Where all of this leads? To whether women might have changed the outcome of this horrifying tale—and the role gender played in it from the start.
From Mike McQueary, the ginger-haired coaching assistant who told a grand jury that he walked in on a naked Sandusky allegedly raping a young boy in a shower—and chose to call his father instead of police—to the slew of male university officials (six of them in all) who are believed to have known about the incident but remained silent, the only female names we’ve seen associated with this case have been the ones exposing it: the mother who first called Sandusky to ask what the hell he was doing in a shower with her son; Linda Kelly, the attorney general who brought the charges against him; Sara Ganim, the Penn State grad who broke the story for the local paper, and has since been relentlessly covering it.
As one source close to Jerry Sandusky told The Daily Beast: “Had it been a woman who had walked in on that boy in the shower, I can guarantee it would not have resulted in anything other than a 911 call.”
“There’s a gender element to everything,” says Andrew Shubin, a central Pennsylvania civil-rights attorney who is representing a number of the victims. He notes that, even in an opposite situation—had somebody said they walked in on Sandusky raping a young girl, instead of a boy—“it might have been an easier thing to understand.”
There are other questions, too: Might the victims have been more willing to come forward had they been female, where, some might say, the idea of talking about a rape is less taboo? Had this not been football, where pats on the ass and lurid locker-room talk are routine—yet to be “gay” is roundly condemned—might these boys have recognized the abuse earlier? (As Naomi Mezey, a Georgetown law professor who studies cultural identity, puts it, “Sports is one of those places where male physicality with each other is allowable, yet is simultaneously deeply homophobic.”) And, lastly, would this horrifying narrative have turned out any differently had the culture surrounding it not been so chauvinistic?
“I don’t think we are going to see women coaches raping 10-year-olds any time soon, and if one did, I think she would be out on her ear in no time,” says journalist Katha Pollitt, a columnist at The Nation. “And female students leading a riot in defense of child molesters?
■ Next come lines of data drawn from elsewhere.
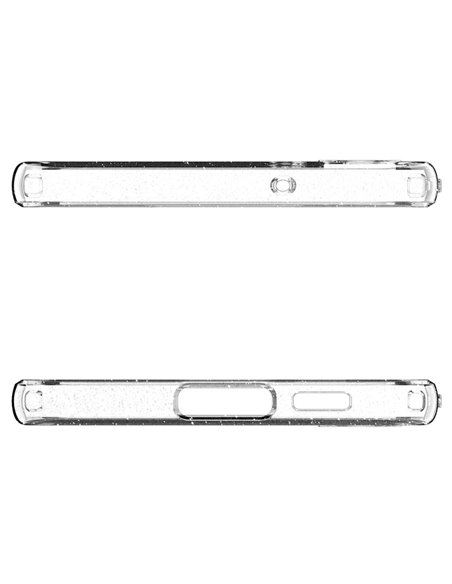 Husă Spigen Samsung S23+, Liquid Crystal, Cristal cu sclipici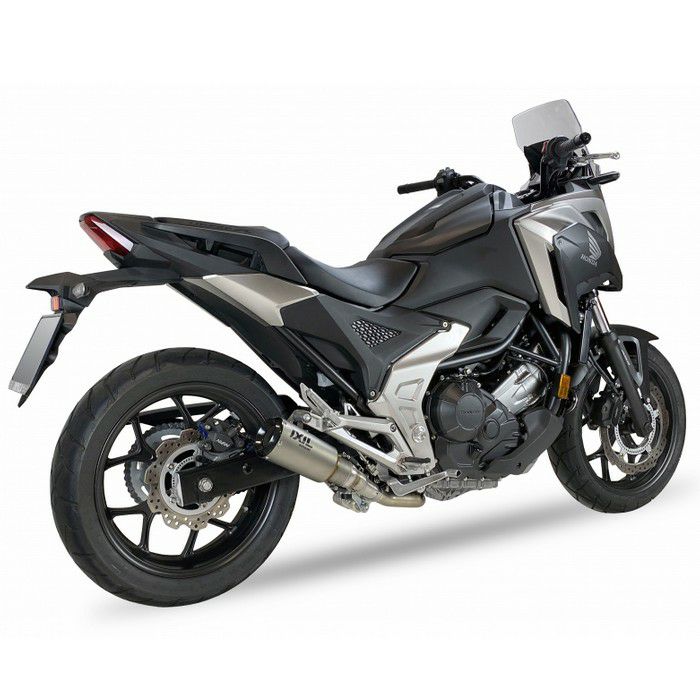 IXIL スリップオンマフラー　NC750X NC700X/NC750X スリップオンマフラー RACE XTREM カーボン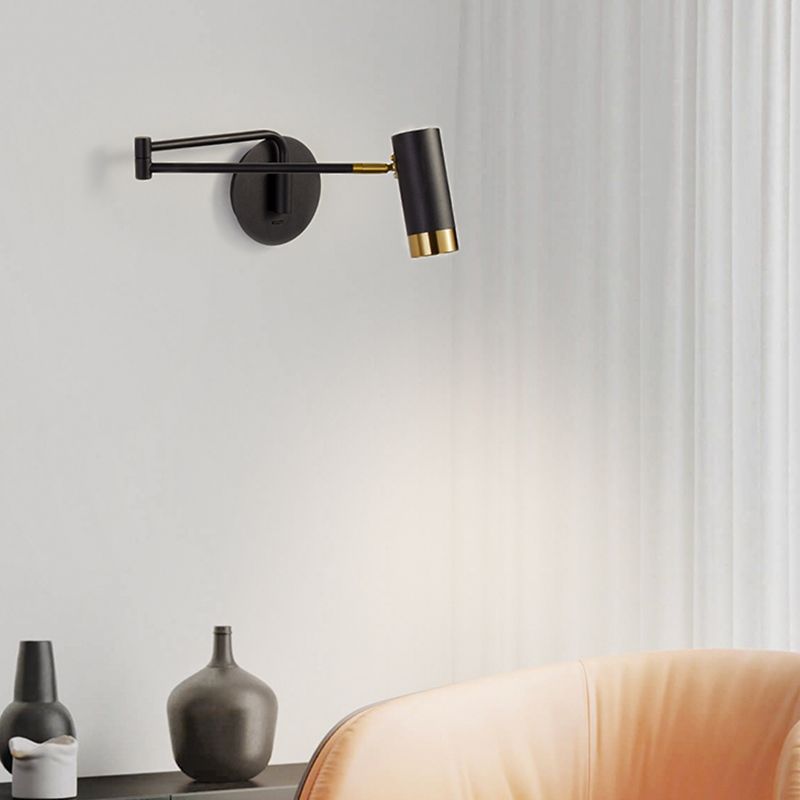 1 Light Sconce Light  Warm Light Simple Home Wall Mounted Light Fixture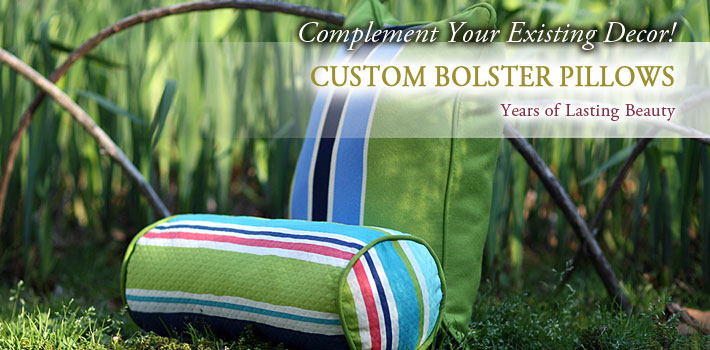 Custom Bolster Pillows 
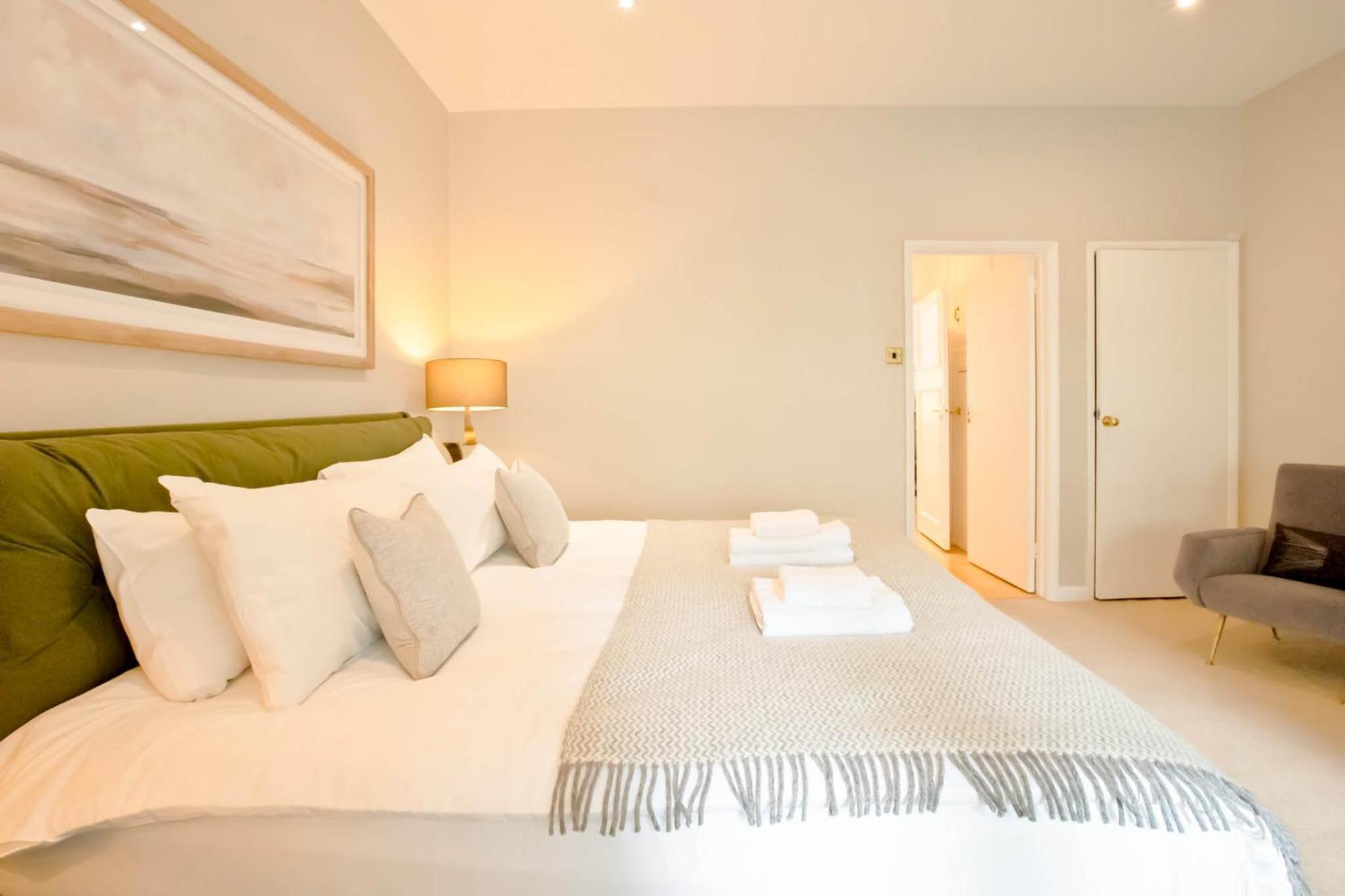 ロンドンPrimrose Hill Parkアパートメント 部屋 写真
I doubt it. This whole thing is just patriarchal from top to bottom.”
Whether or not we agree, it’s easy to make the argument that close-knit, insular groups of men have been known to do bad things (think: the Catholic Church). Studies show that dissenting voices are crucial to countering group think—especially in realms where pledging allegiance to a hierarchy are the norm. In the business world, companies with equal numbers of men and women on their boards are more successful. We’ll probably never know if that would be the case in football.
It is, however, well known among State College community members that Penn State’s athletic department is about as insular as they come: powerful, fraternal, and—until recently—seemingly untouchable. Like the Catholic Church, Penn State football was based on ritual and worship, loyalty and power. Joe Paterno was its God, blue and white its collective uniform. Simply having a woman in the room does not, of course, shield an institution from corruption, misogyny, or violence—but it might present a different perspective. As Nicole Rodgers in The American Prospect put it this week, is there something distinctly male about the type of behavior that allows one to prioritize loyalty to powerful institutions and friends over protecting children?
“Any institution where there’s no women around—like the Church, like football, like the Middle East, like fraternities—things go to shit,” Bill Maher declared on his HBO show last week, among a panel of all men. He later reiterated the stance among the ladies of The View. “When men are just among men, they do stupid things.”